Carlyle was part of a group that last month sold an eight-story apartment building near Northwestern University in Evanston, Illinois, to Invesco Real Estate for $70 million. The property, 1717 Ridge Ave., opened for leasing in April. In July, a Carlyle venture sold a 280-unit garden-style apartment complex about one mile from North Carolina’s Research Triangle Park employment hub to Irvine, California-based real estate investor Passco Cos. for $28 million.
Recently finished apartments are commanding higher rents than older buildings in cities including Houston and Seattle, where multifamily construction has soared, particularly in the urban core, according to Dallas-based apartment research firm Axiometrics Inc. In Houston, tenants in properties built this year and last were paying 51 percent higher rents than the market average in August, the firm’s data show. In Seattle, leases in new buildings are 30 percent more than the market average and in Washington, 28 percent higher. The figures are for rents after any landlord discounting.

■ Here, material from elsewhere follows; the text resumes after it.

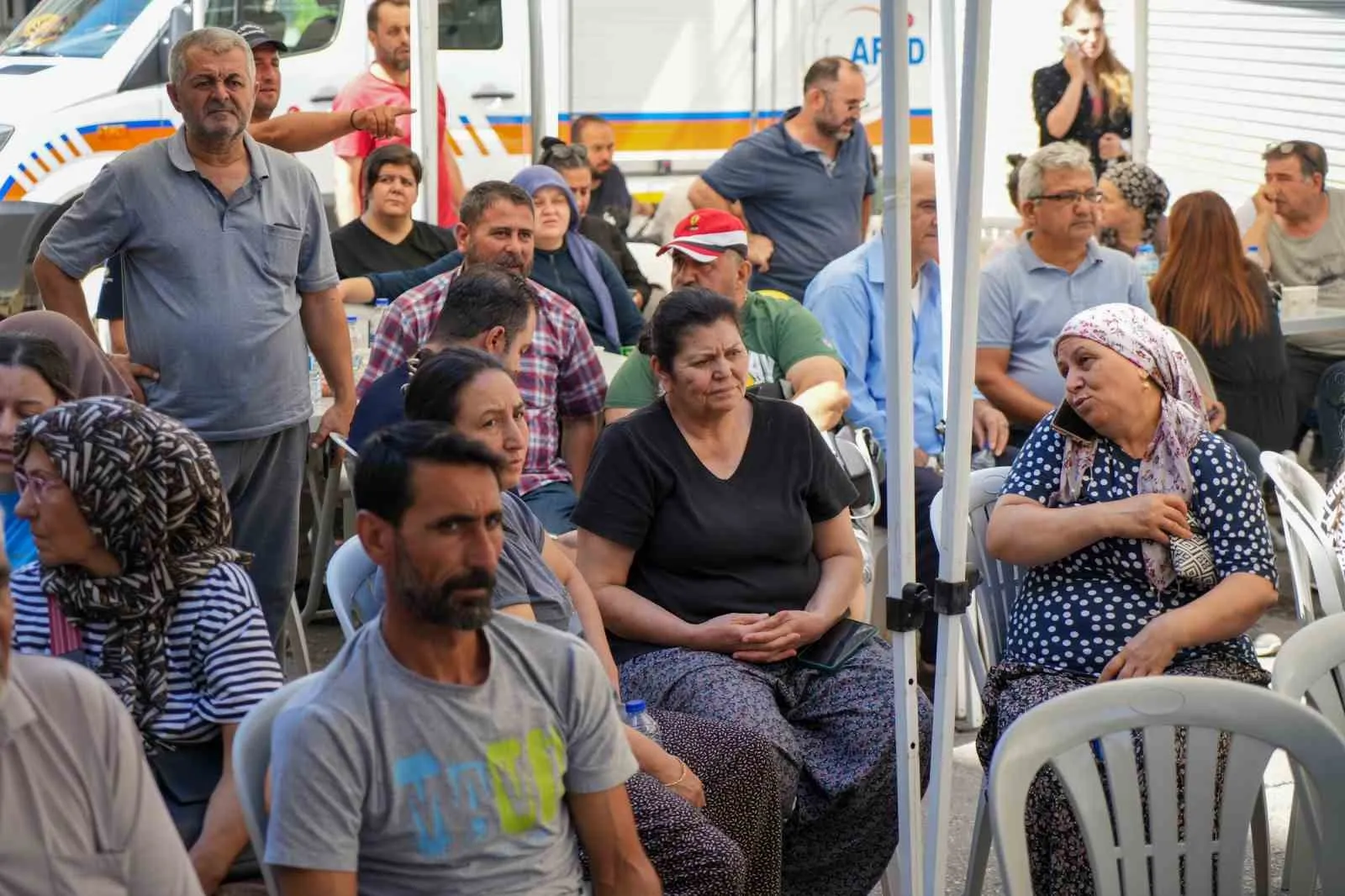 Patlamaya namaz kılarken yakalandı: "Bomba sandık, oğlumla yaralandık"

This year, about 125,000 new units are scheduled to open for leasing, increasing U.S. inventory by 1.3 percent, according to Reis. That jump is almost double the 0.7 percent rise last year and triple the 0.4 percent gain in 2011. The average increase in annual supply from 2000 to 2012 was 0.9 percent.
This year’s estimated completions remain below the average of 141,800 units that came to market in the five years through 2004, before construction dipped, according to Reis data.
Shares of apartment owners are reflecting concern about the outlook. A Bloomberg index of 19 multifamily real estate investment trusts is down about 13 percent from a May high and is the worst-performing in the past 12 months of all REIT property types.
Carlyle shares were little changed at $25.79 at 11:13 a.m. New York time. They have declined 1.3 percent in the past year.
As it sells apartments, Carlyle is focusing investments in areas such as senior housing, self-storage units and manufactured homes, where demand tends to be driven by life changes such as retirement or marriages, and isn’t so closely tied to changes in employment and gross domestic product, Stuckey said.
About one-third of the firm’s real estate investments are in properties that are more directly affected by the economy, such as office and retail.
“Our basic view is we’re in a low-growth environment,” Stuckey said.
Carlyle remains an active investor in New York real estate, including residential developments and office buildings with ground-floor retail, Stuckey said.
In February, Carlyle and ClearRock Properties acquired 920 Broadway, a 17-story office building in the city’s midtown south neighborhood, and are renovating the property. Office rents in the area, a popular district with technology tenants, have grown faster than Carlyle expected, Stuckey said.
Carlyle has two residential projects overlooking the High Line Park in Chelsea, on the far west side of Manhattan.
“With condos, our style is to build smaller projects that benefit from local demand,” he said.
The company has also made profitable exits from investments in the city. Carlyle in June agreed to sell 650 Madison Ave., an office and retail tower in Manhattan’s Plaza District, for $1.3 billion, setting a record per square foot for a U.S. office building.
Manhattan has widened its lead over other U.S. cities in its appeal to international investors, Stuckey said. Wealthy foreigners have flocked to New York trophy real estate after the worst recession since the Great Depression increased the appeal of dollar-based assets.
“It scared people and they want to put their money in safe places,” Stuckey said. “Right now, Manhattan is head and shoulders above the others.”